Jasim: Wir sehen ja schon seit Jahren, dass AKP-nahe Institutionen mit dem Begriff der Islamophobie versuchen, Politik zu machen. Wenn man sich auch die Publikationen zu diesem Thema anguckt, ist das sehr häufig geleitet von Menschen aus diesem politisch-wissenschaftlichen Netzwerk. Es steht ja auch sehr deutlich im Programm der DAVA, dass man das Image des Islam verbessern wolle. Das ist aber nicht die Aufgabe einer Partei! Da muss man sich in Deutschland auch generell die Frage stellen, ob das wirklich etwas ist, was im Sinne einer Trennung von Staat und Religion überhaupt so tragbar und haltbar ist.
Gründungsmitglied Mustafa Yoldas aus Hamburg sagt: Die DAVA will Menschen ansprechen, die bislang von der Politik ignoriert worden sind. Was denken Sie darüber?
Jasim: Ich denke, das ist politische Lobbyarbeit im Mantel des Kampfes für Marginalisierte. Türkeistämmige Menschen - gerade diejenigen, die schon seit einigen Generationen hier in Deutschland leben - sind ziemlich gut aufgehoben. Für kaum eine migrantische Gruppe macht die deutsche politische Elite so viel Lobbyarbeit wie für sie. Wenn wir uns die Moschee-Gemeinden, den Religions- und Sprachunterricht anschauen, ist die türkische Community ganz vorne mit dabei. Also reden wir da wirklich von den Abgehängten? Da gibt es Gruppen, die wesentlich mehr ausgegrenzt sind.
Bietet die Gründung der DAVA ein Einfallstor für politische Einflussnahme aus der Türkei?
Jasim: Es gibt diesen politischen Einfluss aus der Türkei schon jetzt sehr deutlich. Das bekommen all die migrantischen Gruppen mit, die im Fadenkreuz von Erdoğan sind und in Deutschland leben. Das sind Oppositionelle oder auch Menschen, die zu ethnischen Minderheiten wie Kurden und Armeniern gehören. Wichtig ist auch: Bei der Frage nach politischem Einfluss sollten wir nicht nur an die europäische Ebene oder Bundesebene denken. Das kann in Stadträten, in Kommunen genauso passieren. Dort wird ja auch viel über Bildungspolitik und auch religionsbezogene Politik entschieden.

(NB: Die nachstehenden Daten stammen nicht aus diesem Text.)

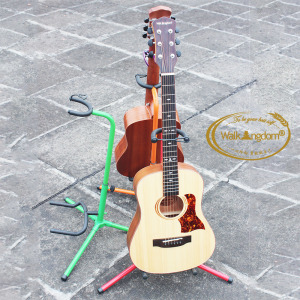 ［仅限预定］彩色单立吉他架  红绿橙色 各款古典/民谣 电吉他适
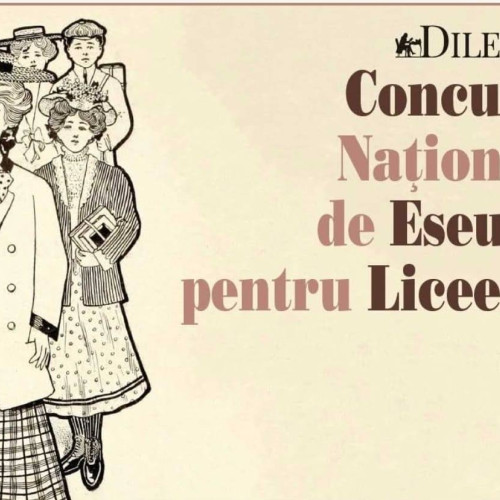 Concurs de Eseuri pentru liceenii din Dâmbovița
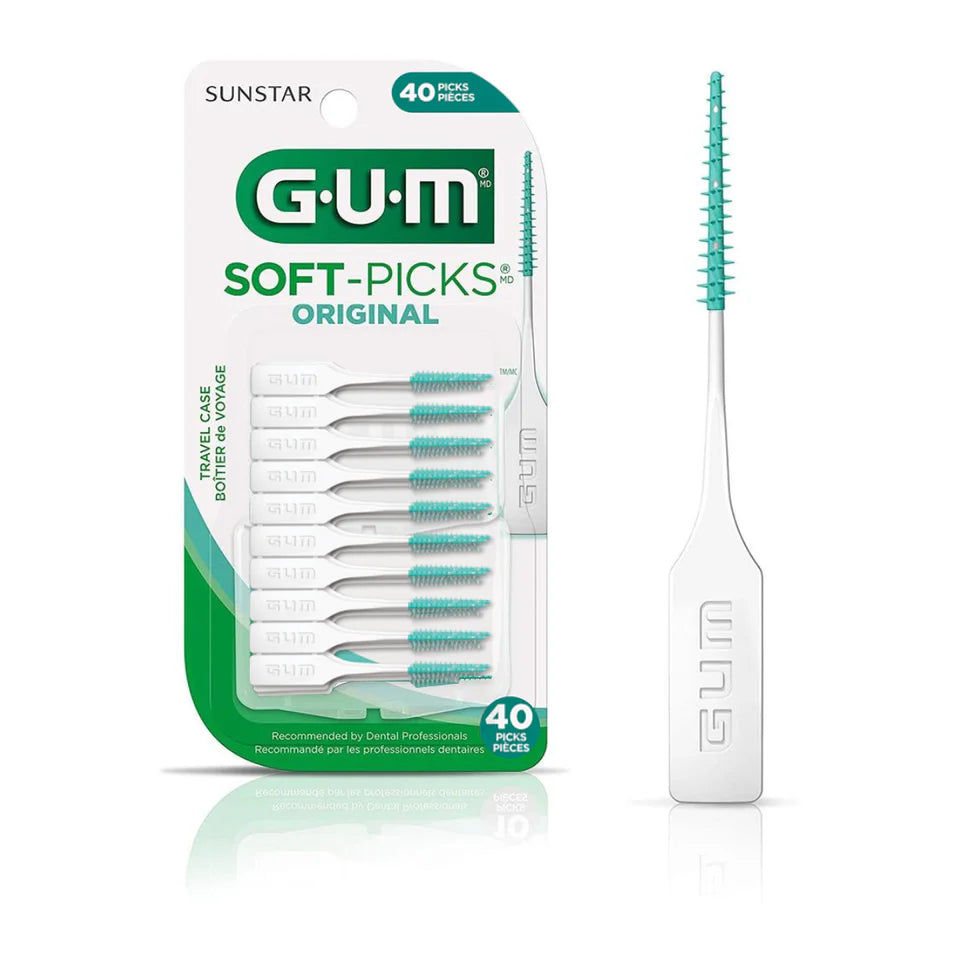 GUM - Soft-Picks Original | 40 pack
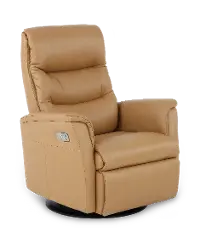Liberty Camel Large Power Glider Recliner
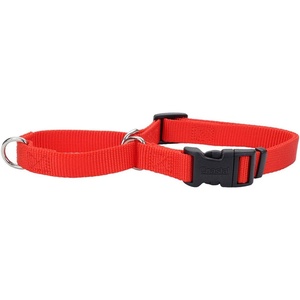 image:imageCoastal Pet  No Slip  Martingale Adjustable Dog Collar with Buckle Red 38 x 1012Red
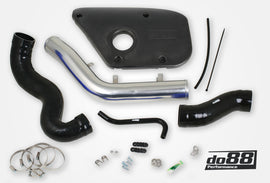 do88 Volvo S60 V60 V70 T6 Inlet Pipe Black Hoses Plastic cover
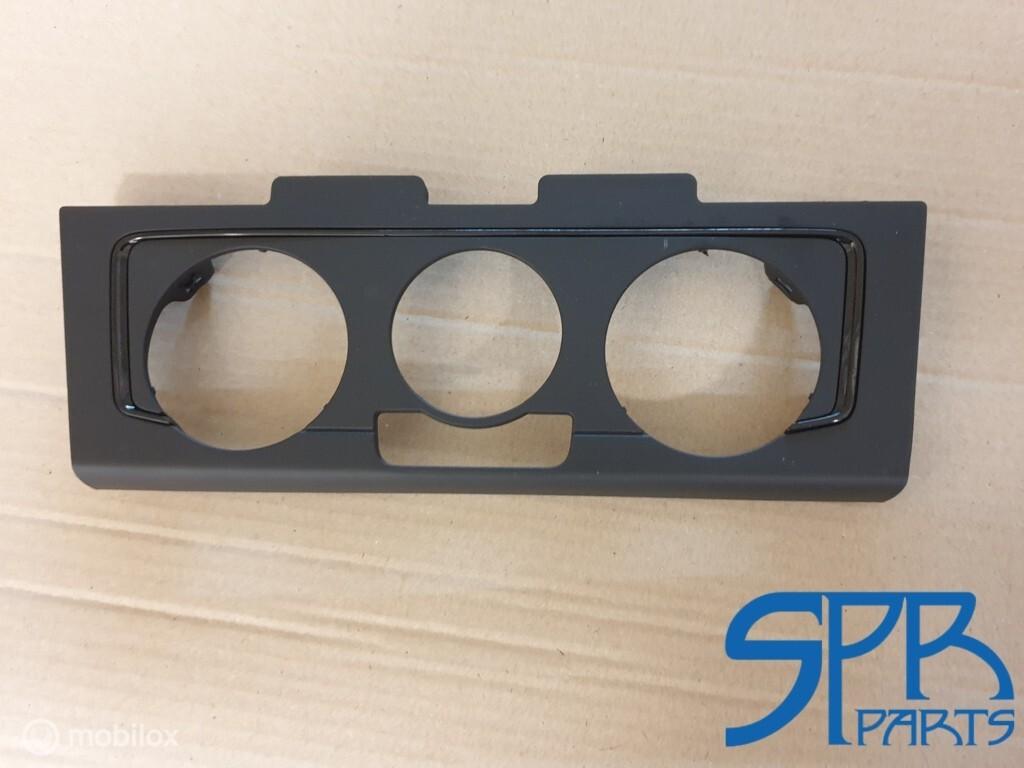 POLO 6C INLEG PANEEL RAND OMRANDING Climate CONTROL ZWART, Gebruikt, Volkswagen, Ophalen of Verzenden, Volkswagen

DAVA-Gründungsmitglied Mustafa Yoldas hat im NDR Interview gesagt, er werde in zwanzig Jahren Erster Bürgermeister von Hamburg sein. Wie realistisch ist das?
Jasim: Es könnte eines Tages sein, dass eine Gruppe wie die DAVA in der Hamburgischen Bürgerschaft vertreten ist. Aber dass sie den Hamburger Bürgermeister stellt, das sehe ich nicht. Vor allem weil Hamburg eine Stadt ist, die ein sehr etabliertes Parteien-System hat. Aber in Nordrhein-Westfalen beispielsweise können in mittelgroßen Städten solche Sachen durchaus passieren, wo wir einfach eine ganz andere Mehrheiten-Struktur von Leuten mit Migrationshintergrund und gerade mit türkischem Hintergrund oder türkeibezogenem Hintergrund haben.
Das Gespräch führte Christian Becker.